By Andrew Smith, Chief Economist, KPMG in the UK
Almost two years ago, the Monetary Policy Committee took an unprecedented step and cut interest rates to 0.5%, at the same time unleashing a multi-billion pound programme of asset purchases – known (simply!) as quantitative easing (QE) – to support the economy. Since then, GDP growth and inflation have moved erratically and output remains 4% below its pre-recession peak. This week, I was struck by how calmly the announcement of a further round of QE and continuing ultra-low rates was reported. It’s almost like this is the norm – but it’s not normal. These are desperate measures in extraordinary times. It is worth considering how we got here, and does QE really help?
The financial crisis of late 2008 and subsequent recession destroyed confidence and damaged the balance sheets of households, banks and governments. Central banks attempted to ease these pressures and avert a global depression by slashing interest rates. But, even as rates fell, households and banks were still not prepared to spend – instead they saved in an attempt to repair battered finances and deleverage. And at near zero, there was nowhere left for rates to go. Fearing deflation and depression, the authorities took a leap into the unknown and embarked on QE.
QE is intended to be inflationary. Buying up gilts with newly created money injects cash into the economy, and should ordinarily boost nominal spending. The Bank of England identified many channels through which QE may work – too many to list here. But it’s fair to say that even the MPC wasn’t sure what the exact effect of the policy would be.
So, when the Bank released an estimate of the impact of the first tranche of QE – (they speculated it raised GDP by between 1.5 and 2% and increased inflation by 0.75 to 1.5%) – it was met with a combination of relief and concern. Relief that the policy had a positive impact, and yet concern because, without it, there would have been no growth at all.

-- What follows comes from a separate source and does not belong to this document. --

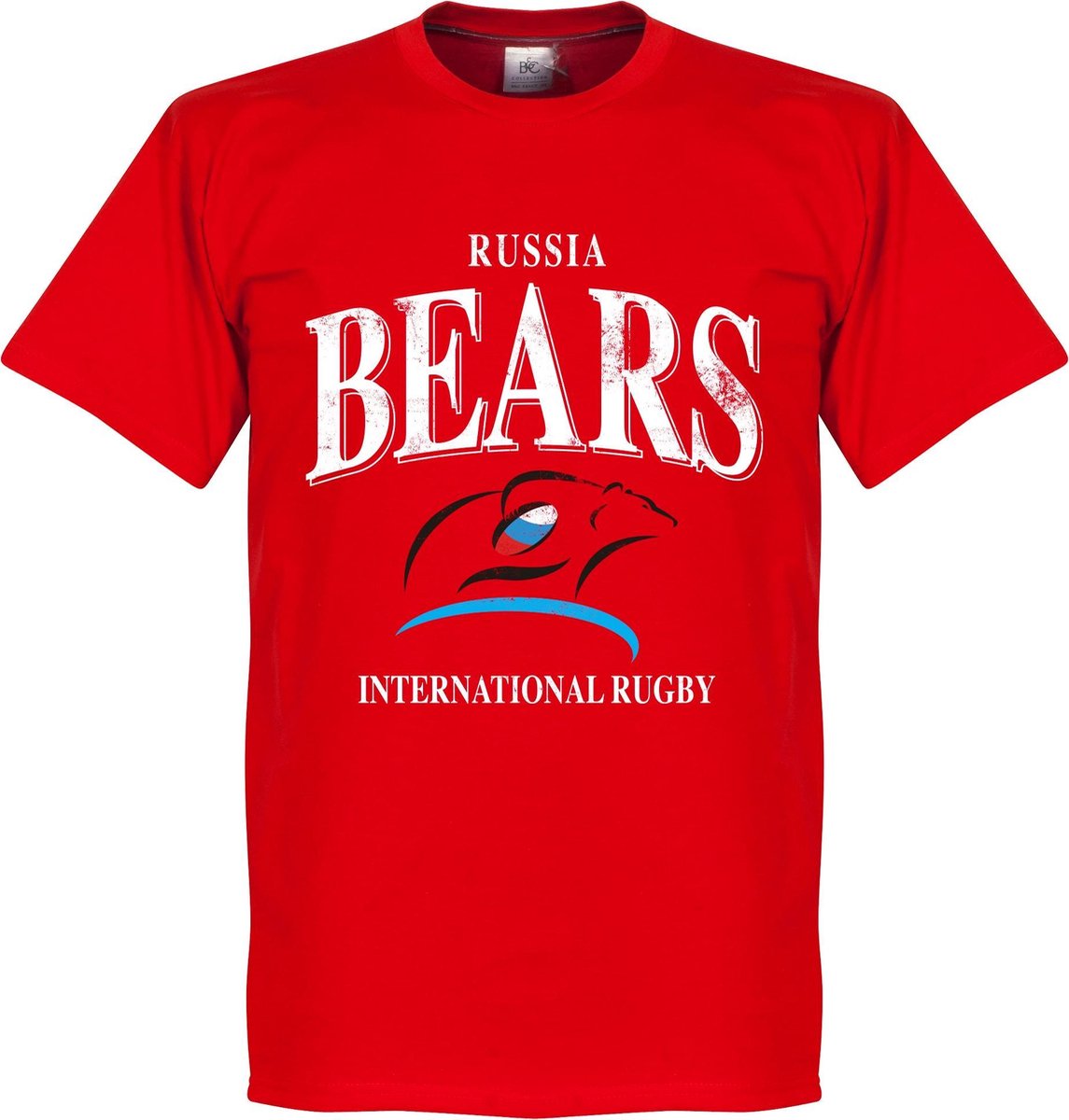 Rusland Rugby T-Shirt - Rood - XXXL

Given the apparent success of the first round (2009), it is surprising the MPC did not do more, sooner. Natural caution is one reason, while at the start of 2011 things were beginning to look brighter and inflation was taking off, removing the pressing need for further easing. Also, like most things in life, QE is probably subject to the law of diminishing returns.
But a year is a long time in economics – inflation, although still high, looks likely to fall fast this year and the outlook for growth appears bleak. It was therefore no surprise that a further £50 billion of asset purchases was announced this month, complementing the £75 billion launched last October, and taking the total programme to £325 billion. I suspect more is likely too, not because it is some sort of silver bullet – it may not even work this time. But with no sign of any imminent stimulus from fiscal policy and interest rates already at their lowest bound, there are very few other options left.